◆ Your task: Return the listing below exactly. Leave its pictures out.

◆ Provided material:

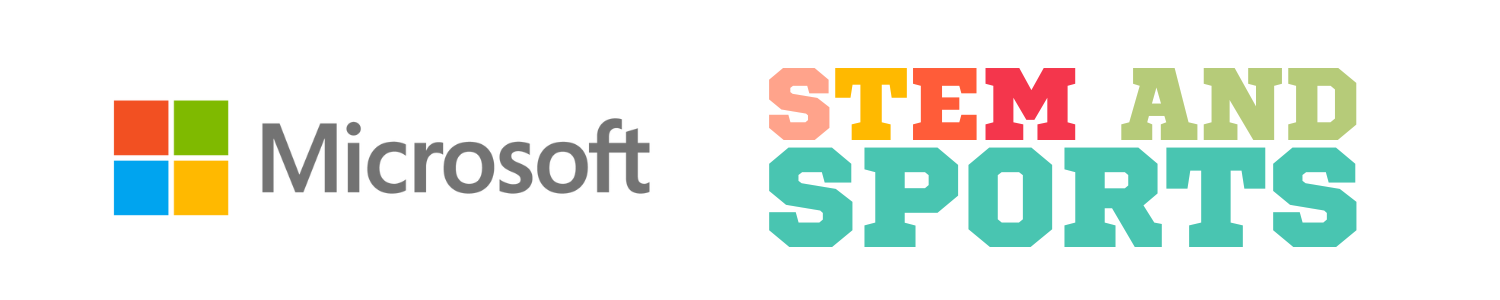 A graphic displaying a logo of Microsoft's collaboration with STEM and Sports.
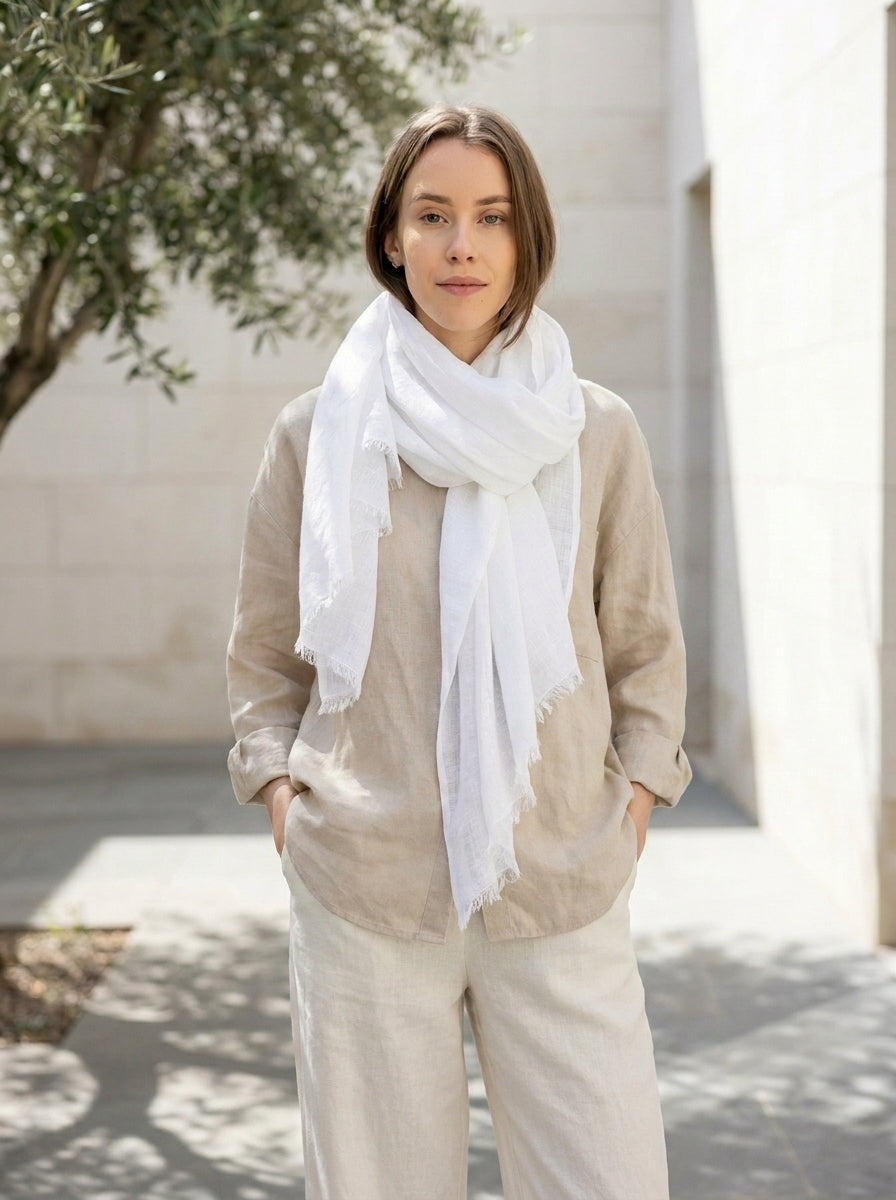 LEONILDA™ • Pañuelo de Lino Blanco | Pañuelos y Fulares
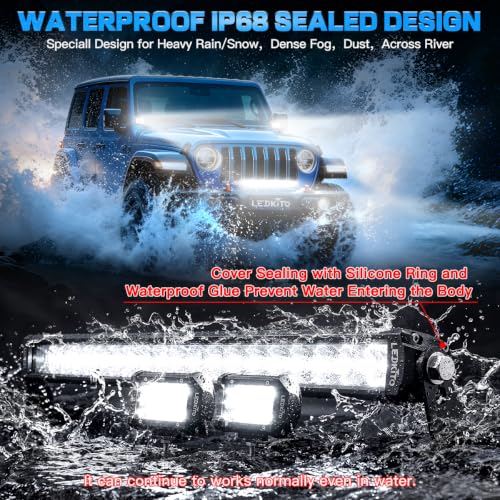 22In LED Light Bar+4In LED Cube Pod Lights with Wiring Harness Kit | Spot Flood Combo Single Row Straight Off Road Driving Work Light Bar 3Pin Rocker Switch for Je-ep Pickup Golf Car Tractor GMC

◆ Solution below:
 A graphic displaying a logo of Microsoft's collaboration with STEM and Sports.
 LEONILDA™ • Pañuelo de Lino Blanco | Pañuelos y Fulares
 22In LED Light Bar+4In LED Cube Pod Lights with Wiring Harness Kit | Spot Flood Combo Single Row Straight Off Road Driving Work Light Bar 3Pin Rocker Switch for Je-ep Pickup Golf Car Tractor GMC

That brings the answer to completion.